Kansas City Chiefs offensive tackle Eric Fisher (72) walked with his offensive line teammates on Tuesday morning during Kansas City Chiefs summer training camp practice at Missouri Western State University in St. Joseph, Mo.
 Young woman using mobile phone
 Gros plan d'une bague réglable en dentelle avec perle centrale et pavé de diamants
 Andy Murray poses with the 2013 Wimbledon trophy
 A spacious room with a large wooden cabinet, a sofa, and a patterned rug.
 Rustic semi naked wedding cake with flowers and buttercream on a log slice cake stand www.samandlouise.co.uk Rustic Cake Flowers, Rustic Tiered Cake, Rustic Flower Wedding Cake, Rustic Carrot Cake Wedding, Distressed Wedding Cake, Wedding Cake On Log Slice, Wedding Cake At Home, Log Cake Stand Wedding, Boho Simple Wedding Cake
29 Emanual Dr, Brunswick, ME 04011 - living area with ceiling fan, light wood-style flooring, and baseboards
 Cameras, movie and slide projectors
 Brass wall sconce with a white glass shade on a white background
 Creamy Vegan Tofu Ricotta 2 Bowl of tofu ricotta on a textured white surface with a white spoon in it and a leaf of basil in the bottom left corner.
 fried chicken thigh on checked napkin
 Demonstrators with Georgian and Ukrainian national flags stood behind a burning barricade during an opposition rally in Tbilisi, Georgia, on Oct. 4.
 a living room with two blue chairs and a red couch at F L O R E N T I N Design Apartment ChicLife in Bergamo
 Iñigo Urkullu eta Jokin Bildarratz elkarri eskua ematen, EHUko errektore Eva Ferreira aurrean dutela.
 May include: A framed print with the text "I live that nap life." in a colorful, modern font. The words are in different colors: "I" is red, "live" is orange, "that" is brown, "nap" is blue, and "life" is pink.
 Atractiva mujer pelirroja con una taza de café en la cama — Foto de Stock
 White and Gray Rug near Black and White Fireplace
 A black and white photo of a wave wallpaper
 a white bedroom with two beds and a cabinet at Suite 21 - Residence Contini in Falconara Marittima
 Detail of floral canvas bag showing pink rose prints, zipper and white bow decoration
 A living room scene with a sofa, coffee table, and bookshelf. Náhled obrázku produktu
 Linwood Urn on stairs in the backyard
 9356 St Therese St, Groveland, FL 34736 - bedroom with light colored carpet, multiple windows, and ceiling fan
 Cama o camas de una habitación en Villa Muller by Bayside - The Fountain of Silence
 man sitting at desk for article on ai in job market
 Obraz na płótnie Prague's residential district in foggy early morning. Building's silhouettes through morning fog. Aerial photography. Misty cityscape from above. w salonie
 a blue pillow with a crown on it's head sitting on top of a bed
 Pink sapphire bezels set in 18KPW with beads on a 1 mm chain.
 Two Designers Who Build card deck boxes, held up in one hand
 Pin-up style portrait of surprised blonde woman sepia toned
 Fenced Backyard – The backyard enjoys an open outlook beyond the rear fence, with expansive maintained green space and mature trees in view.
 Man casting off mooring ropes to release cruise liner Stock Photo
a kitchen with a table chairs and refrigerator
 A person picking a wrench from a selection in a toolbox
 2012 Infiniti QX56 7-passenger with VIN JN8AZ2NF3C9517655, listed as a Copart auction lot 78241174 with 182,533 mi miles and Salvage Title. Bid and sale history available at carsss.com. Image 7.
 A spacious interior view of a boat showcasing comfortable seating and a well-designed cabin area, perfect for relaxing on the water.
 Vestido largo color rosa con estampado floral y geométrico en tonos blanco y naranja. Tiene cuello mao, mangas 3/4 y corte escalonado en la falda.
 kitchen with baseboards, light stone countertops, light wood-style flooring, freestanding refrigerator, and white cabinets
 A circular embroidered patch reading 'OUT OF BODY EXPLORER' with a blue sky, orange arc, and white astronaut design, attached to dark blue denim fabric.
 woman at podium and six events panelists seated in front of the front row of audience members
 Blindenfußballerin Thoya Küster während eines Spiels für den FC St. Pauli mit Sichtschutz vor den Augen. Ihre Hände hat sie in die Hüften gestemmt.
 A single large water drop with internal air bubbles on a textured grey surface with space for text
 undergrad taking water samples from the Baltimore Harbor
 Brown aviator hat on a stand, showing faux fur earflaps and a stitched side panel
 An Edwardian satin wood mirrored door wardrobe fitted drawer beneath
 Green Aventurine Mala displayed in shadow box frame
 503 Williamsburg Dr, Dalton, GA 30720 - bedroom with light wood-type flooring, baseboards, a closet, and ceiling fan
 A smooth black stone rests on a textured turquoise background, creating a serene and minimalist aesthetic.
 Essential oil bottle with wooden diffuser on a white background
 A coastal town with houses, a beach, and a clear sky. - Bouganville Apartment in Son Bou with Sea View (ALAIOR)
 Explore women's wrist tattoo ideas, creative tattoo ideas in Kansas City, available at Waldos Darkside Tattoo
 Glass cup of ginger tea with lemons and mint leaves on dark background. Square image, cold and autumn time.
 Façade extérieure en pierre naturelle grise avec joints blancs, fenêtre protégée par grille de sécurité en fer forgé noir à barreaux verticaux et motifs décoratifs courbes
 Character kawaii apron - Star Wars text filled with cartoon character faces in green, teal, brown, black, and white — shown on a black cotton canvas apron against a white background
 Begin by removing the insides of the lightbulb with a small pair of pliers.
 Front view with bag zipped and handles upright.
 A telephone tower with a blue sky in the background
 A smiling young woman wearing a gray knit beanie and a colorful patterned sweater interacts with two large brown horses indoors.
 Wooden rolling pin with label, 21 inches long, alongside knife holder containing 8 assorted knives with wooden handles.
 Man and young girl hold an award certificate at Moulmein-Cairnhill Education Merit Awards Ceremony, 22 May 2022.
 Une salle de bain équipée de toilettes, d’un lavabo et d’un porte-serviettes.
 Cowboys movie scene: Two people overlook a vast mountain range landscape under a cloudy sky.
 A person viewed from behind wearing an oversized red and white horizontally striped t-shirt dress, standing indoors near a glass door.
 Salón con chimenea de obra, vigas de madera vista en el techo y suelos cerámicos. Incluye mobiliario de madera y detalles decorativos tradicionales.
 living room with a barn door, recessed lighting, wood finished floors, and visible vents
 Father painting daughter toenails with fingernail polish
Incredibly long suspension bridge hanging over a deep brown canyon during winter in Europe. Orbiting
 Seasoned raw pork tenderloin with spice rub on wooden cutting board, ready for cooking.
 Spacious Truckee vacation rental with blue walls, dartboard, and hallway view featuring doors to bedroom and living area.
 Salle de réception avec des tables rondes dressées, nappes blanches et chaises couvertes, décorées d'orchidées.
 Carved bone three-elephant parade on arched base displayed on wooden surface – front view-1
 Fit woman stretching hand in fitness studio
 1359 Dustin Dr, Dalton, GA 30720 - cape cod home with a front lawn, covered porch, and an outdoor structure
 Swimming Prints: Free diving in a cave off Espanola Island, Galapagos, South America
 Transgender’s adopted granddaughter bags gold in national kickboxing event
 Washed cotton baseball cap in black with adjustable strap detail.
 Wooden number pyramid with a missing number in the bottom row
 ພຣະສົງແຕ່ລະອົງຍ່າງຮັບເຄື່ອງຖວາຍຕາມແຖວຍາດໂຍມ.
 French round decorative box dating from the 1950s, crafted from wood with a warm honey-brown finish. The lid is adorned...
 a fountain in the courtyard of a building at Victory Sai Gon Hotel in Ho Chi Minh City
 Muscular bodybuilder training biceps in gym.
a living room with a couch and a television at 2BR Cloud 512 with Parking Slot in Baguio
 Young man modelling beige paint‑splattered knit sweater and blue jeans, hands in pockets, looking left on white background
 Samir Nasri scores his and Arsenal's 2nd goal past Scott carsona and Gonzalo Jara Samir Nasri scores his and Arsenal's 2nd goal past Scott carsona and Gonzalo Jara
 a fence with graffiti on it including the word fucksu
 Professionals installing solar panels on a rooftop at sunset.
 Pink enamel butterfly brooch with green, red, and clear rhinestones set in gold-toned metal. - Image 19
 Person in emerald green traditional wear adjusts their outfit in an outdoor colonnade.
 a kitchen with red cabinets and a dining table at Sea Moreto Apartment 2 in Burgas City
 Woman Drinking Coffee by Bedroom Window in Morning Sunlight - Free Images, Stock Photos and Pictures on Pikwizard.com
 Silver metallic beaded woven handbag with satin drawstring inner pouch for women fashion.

^^^^^^^^^^^^^^^^

▸ PROBLEM: Lines after the one containing "A spacious room" are not wanted; repeat exactly each line above from the first up to and including it.

▸ EXERCISE OUTPUT:
Kansas City Chiefs offensive tackle Eric Fisher (72) walked with his offensive line teammates on Tuesday morning during Kansas City Chiefs summer training camp practice at Missouri Western State University in St. Joseph, Mo.
 Young woman using mobile phone
 Gros plan d'une bague réglable en dentelle avec perle centrale et pavé de diamants
 Andy Murray poses with the 2013 Wimbledon trophy
 A spacious room with a large wooden cabinet, a sofa, and a patterned rug.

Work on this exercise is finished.